The diode-clipping mod is JMIL's most-discussed Jose option, but the physical position of the diode pair in the signal chain varies across documented Jose amps. Per Dave Friedman ([Panel #5 40:11]), three distinct diode positions appear in his ~100-amp documented Jose sample:
Position 1 — After the first gain stage (most common): - The canonical placement and the one JMIL models.
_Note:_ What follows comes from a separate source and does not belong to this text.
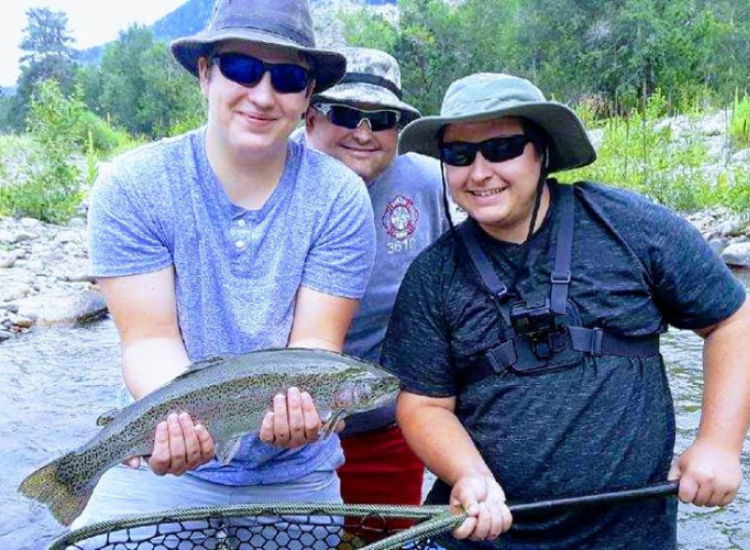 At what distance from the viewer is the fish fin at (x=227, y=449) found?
2584mm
Diodes sit across the MV wiper (which sits between the cathode follower and the tone stack), so they clamp the signal AFTER all preamp gain has happened and BEFORE the tone stack sculpts the result. - Produces the "vocal, compressed, sustaining" diode-clip character associated with Brown Sound territory.
Position 2 — Before the first gain stage (rare): - Diodes clamp the signal BEFORE V1's grid sees it. Friedman: *"doesn't make a lot of sense to me."* Effectively limits how hot the player can drive the front end; trades preamp drive for clipper-defined character. - Documented on a small number of Jose amps; not part of the canonical recipe.
Position 3 — Right before the cathode follower: - Diodes sit between V2a (cold clipper) and V2b (CF). The CF sees a pre-clamped signal; the tone stack then sees the CF's output. - This is a higher-gain variant — both V1a/V1b and V2a contribute preamp distortion, then diodes clamp before the EQ.
Why the canonical position matters: JMIL's diode-clipping mod models Position 1 because it's by far the most-documented and because the tonal results match the player references most users associate with the mod (EVH, Lynch, Sykes). The other positions exist but produce different responses; surfacing them as separate JMIL options would multiply the toggleable surface area without strong pedagogical payoff.
Combined position practice: Per Friedman ([Panel #5 151:44]), late-gain Joses sometimes had 250pF caps to chassis ground at multiple points in the circuit — V1 input, before the CF, etc. — to manage RF and high-frequency content as the gain stages compounded. This is a chassis-build technique adjacent to the diode-clipper, not a circuit-topology variant per se.